In the listing below, locate the line with "2308 - 920 5" and the line with "Una dona es", then output both and everything between them exactly, minus any pictures.

- **Extracted material**
__________

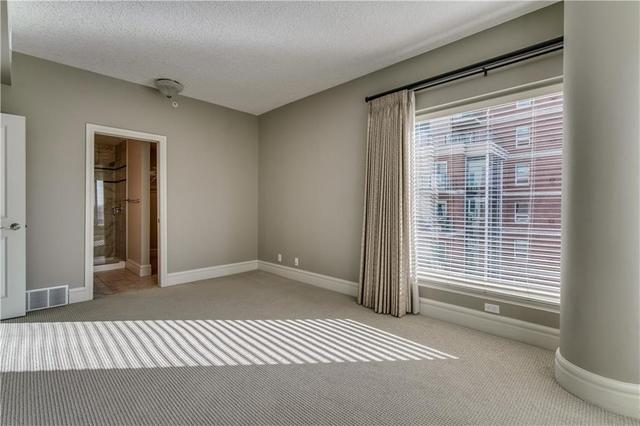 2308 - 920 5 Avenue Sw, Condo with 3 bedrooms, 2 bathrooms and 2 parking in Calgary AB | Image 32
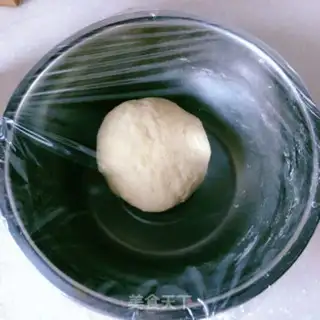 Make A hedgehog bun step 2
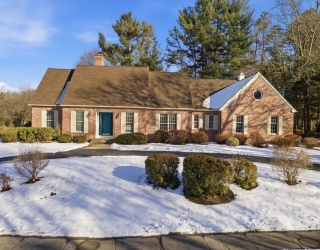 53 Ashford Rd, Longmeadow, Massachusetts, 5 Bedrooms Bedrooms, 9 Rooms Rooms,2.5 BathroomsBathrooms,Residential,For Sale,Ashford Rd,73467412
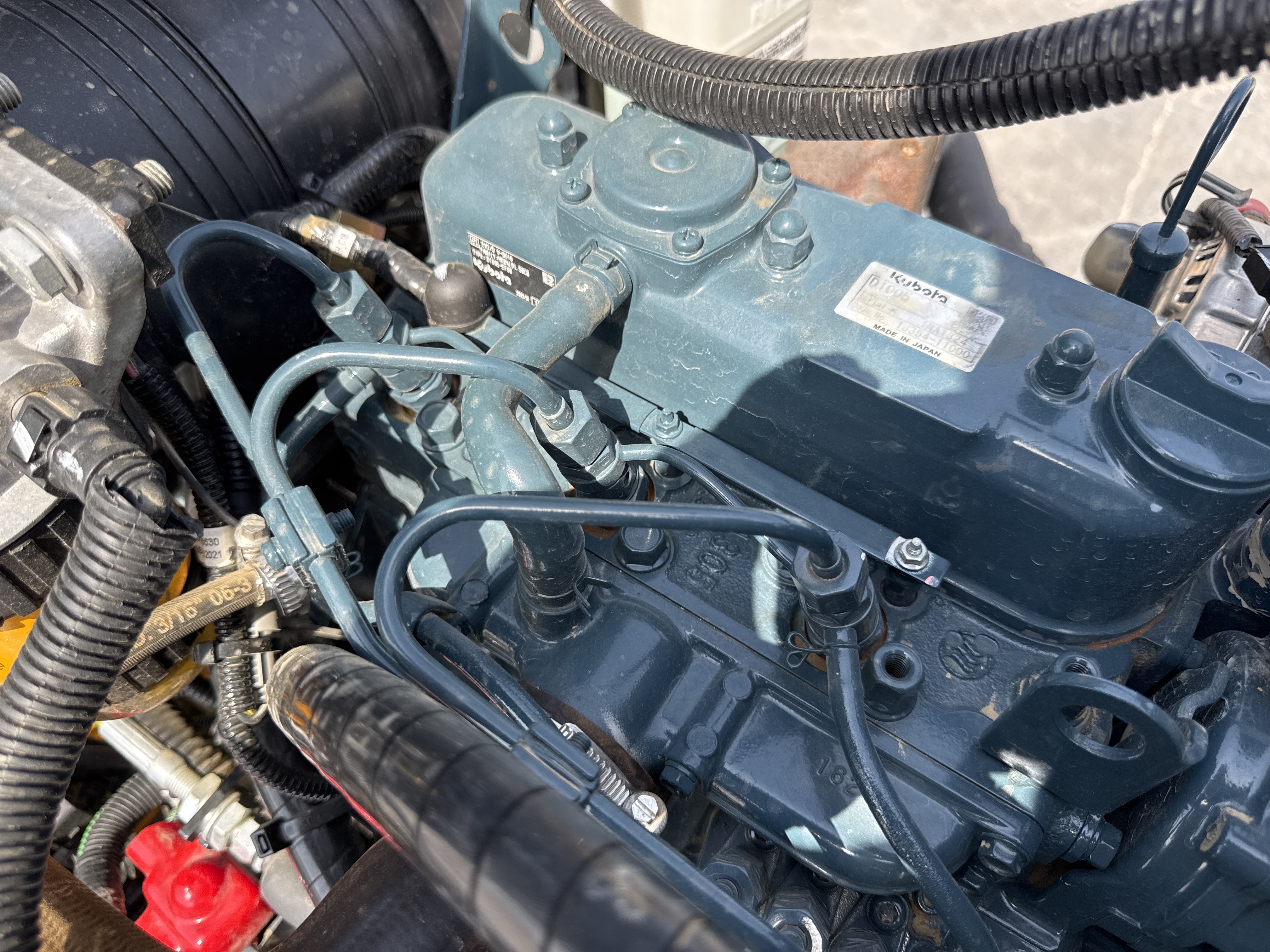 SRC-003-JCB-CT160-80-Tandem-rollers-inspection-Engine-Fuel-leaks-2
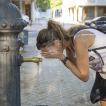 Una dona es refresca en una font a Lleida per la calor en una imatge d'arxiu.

__________

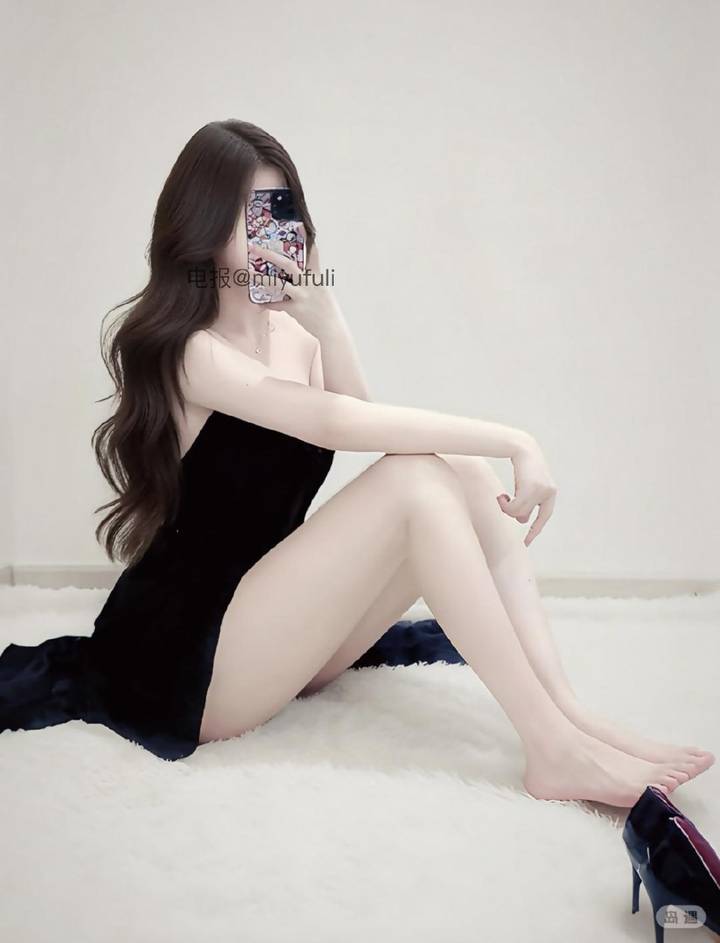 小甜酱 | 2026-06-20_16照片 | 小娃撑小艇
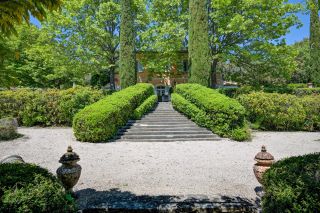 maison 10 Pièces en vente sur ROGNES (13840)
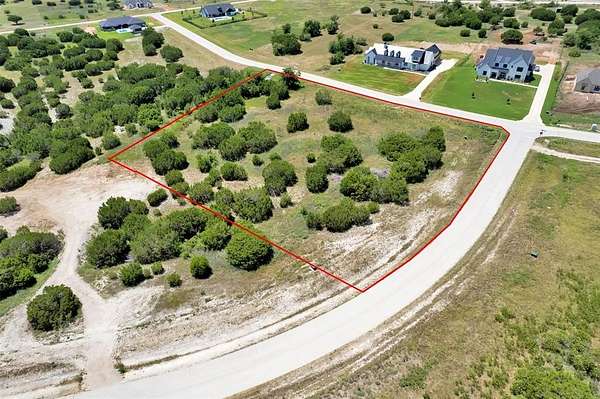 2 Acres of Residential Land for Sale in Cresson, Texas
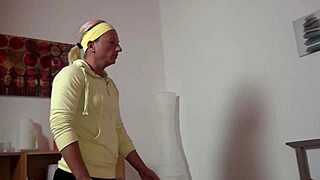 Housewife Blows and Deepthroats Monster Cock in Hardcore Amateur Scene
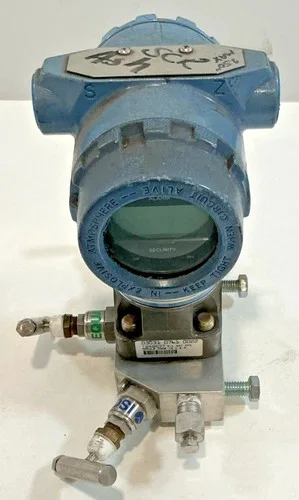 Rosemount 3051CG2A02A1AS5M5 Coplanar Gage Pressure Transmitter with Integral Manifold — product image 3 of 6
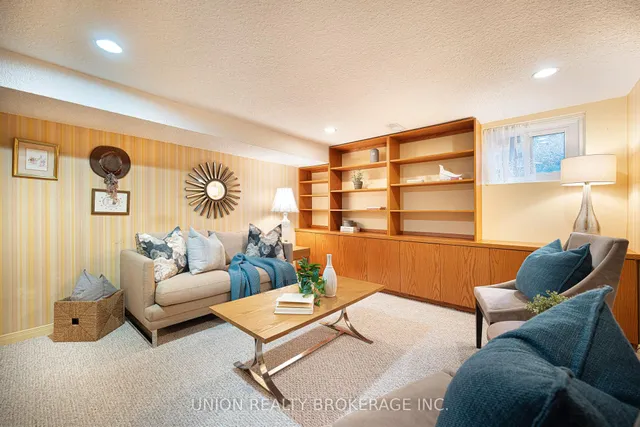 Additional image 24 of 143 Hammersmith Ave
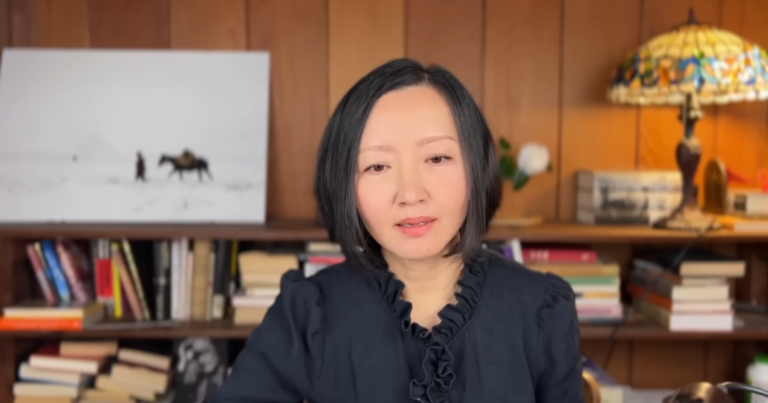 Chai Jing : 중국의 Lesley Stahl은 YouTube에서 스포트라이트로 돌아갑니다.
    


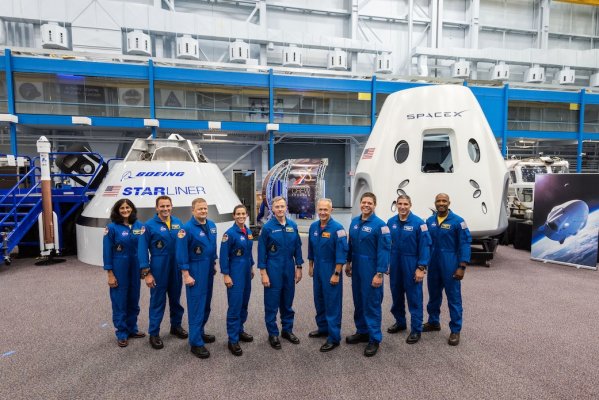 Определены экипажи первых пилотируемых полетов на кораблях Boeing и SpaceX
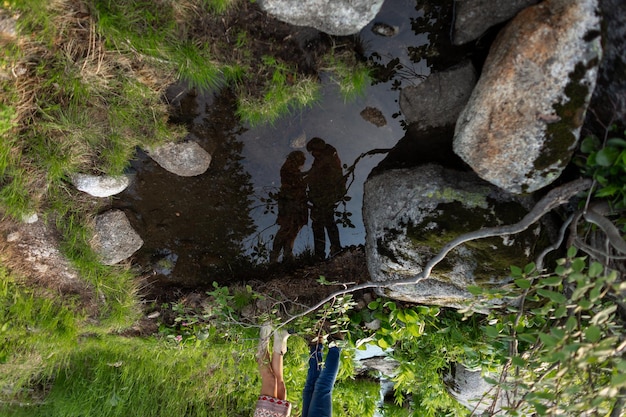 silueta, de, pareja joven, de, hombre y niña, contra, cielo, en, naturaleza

__________

- **Result**
 2308 - 920 5 Avenue Sw, Condo with 3 bedrooms, 2 bathrooms and 2 parking in Calgary AB | Image 32
 Make A hedgehog bun step 2
 53 Ashford Rd, Longmeadow, Massachusetts, 5 Bedrooms Bedrooms, 9 Rooms Rooms,2.5 BathroomsBathrooms,Residential,For Sale,Ashford Rd,73467412
 SRC-003-JCB-CT160-80-Tandem-rollers-inspection-Engine-Fuel-leaks-2
 Una dona es refresca en una font a Lleida per la calor en una imatge d'arxiu.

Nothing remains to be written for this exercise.